The basic differences between US and German pizza aren’t too much. The crust is always much, much thinner and they don’t seem to use nearly as much cheese. All in all, this probably makes it a much healthier endeavor. As healthy as pizza can be at least. The only important difference to really note is that, should you order pepperoni, then they’ll just put a bunch of tiny peppers on it. If you want pepperoni, in the American sense, you ask for salami. Simple enough, and you learn that quick. And sausage as a topping doesn’t exist here at all, which is odd considering the German penchant for cased meat products.
Instead, here’s some of the stuff that, to me, just seems a bit weird.
Pizza Tonno – tuna, olives, and onions. This one’s really popular here. But I just can’t wrap my head around the idea of dry, cooked tuna from a can on a pizza.
That’s a Peach Club pizza, a current special at our delivery place of choice. It’s got sun-dried tomato sauce, pork strips (Germans put pork/ham on everything), bacon, peach slices, and honey.
Peach slices and honey? I’ll admit, strangely enough it doesn’t so too crazy to include the sweet with the savory meat tastes. But it’s certainly something you’d never see Dominos or Pizza Hut launching nationwide like they did here.
This is Pizza Crazy Dog (not translated, it’s in English) and it has hot dogs, Danish pickles, ketchup, grilled onions, and Danish remoulade sauce. I have to wonder if a 12 year old concocted this one.
Remoulade sauce? I’ll admit, it’s the slathering of random sauces onto the top of pizzas that’s the most puzzling to me sometimes. Sauce under the cheese, sure. Naturally. But on top, above the already included sauce? Really?
I’ve actually ordered this one, called Pizza Dutchman. It doesn’t seem that crazy as it only has ham slices, tomato, broccoli, and hollandaise sauce. That’s the part that just didn’t work. Hollandaise sauce…

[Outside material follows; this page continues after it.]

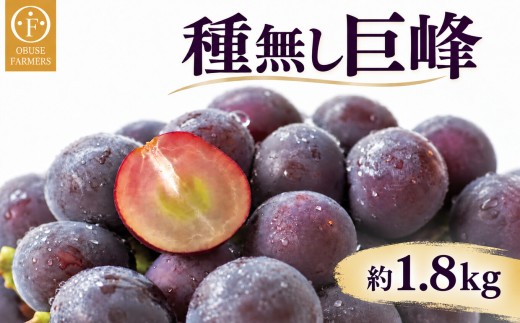 種無し巨峰 約1.8kg 3～6房 ［おぶせファーマーズ］ 果物 フルーツ ぶどう ブドウ 葡萄 冷蔵便 クール便 長野県産 信州産 令和8年産 【2026年9月上旬～10月中旬発送】 ［F-25］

While I still maintain it’s a bit odd to sprinkle corn all over a pizza, this one still isn’t that odd. It’s got , onions, bell peppers, olives, broccoli, and the aforementioned corn.
No, to me the really odd part was that they labeled this “French Pizza.” These are not ingredients I associate with French cuisine in any way. Frankly, I’m not sure there’s one regional cuisine you could attach them all to.
I only saw these two recently. Frankly, they both look kind of disgusting. Actually, really disgusting.
The first is just bacon and eggs, which they helpfully call “British Pizza.” The second is spinach, ham, and egg.
Are these breakfast concoctions? They don’t seem to be, and even then I’d be hard pressed to dive in. An egg or two just plopped into the middle of a pizza? Really? Are they runny eggs?
And last, but certainly not least, is Strandfieber, or translated to English, “Beach Fever.”
It has honey mustard sauce (instead of tomato), edamer cheese, chicken breast, mozarella slices, and mandarin orange slices. Mandarin orange slices? Really? REALLY?
Does this just make you want to rush to the shores? Does it fill your head with images of palm trees and sand and…orange slices?
As I said though, these are just weird to me. But I’ve yet to see anchovies on any menu here (not that I’ve known anyone to order it in America) which might strike Germans as disgusting, but it is, um, interesting nonetheless. Hell, I once had a slice of pizza at a Pizza Hut in Hannover that had cream cheese baked into the crust. It wasn’t half bad. I think corn was involved too.
But tell Germans you put melted butter on your salty popcorn and they’ll look at you like you told them you poured liquid feces on it. To each his own I guess, but I’ll stick to pizzas with sauces under the cheese. And without randomly assigned fruit slices (pineapple excepted, of course).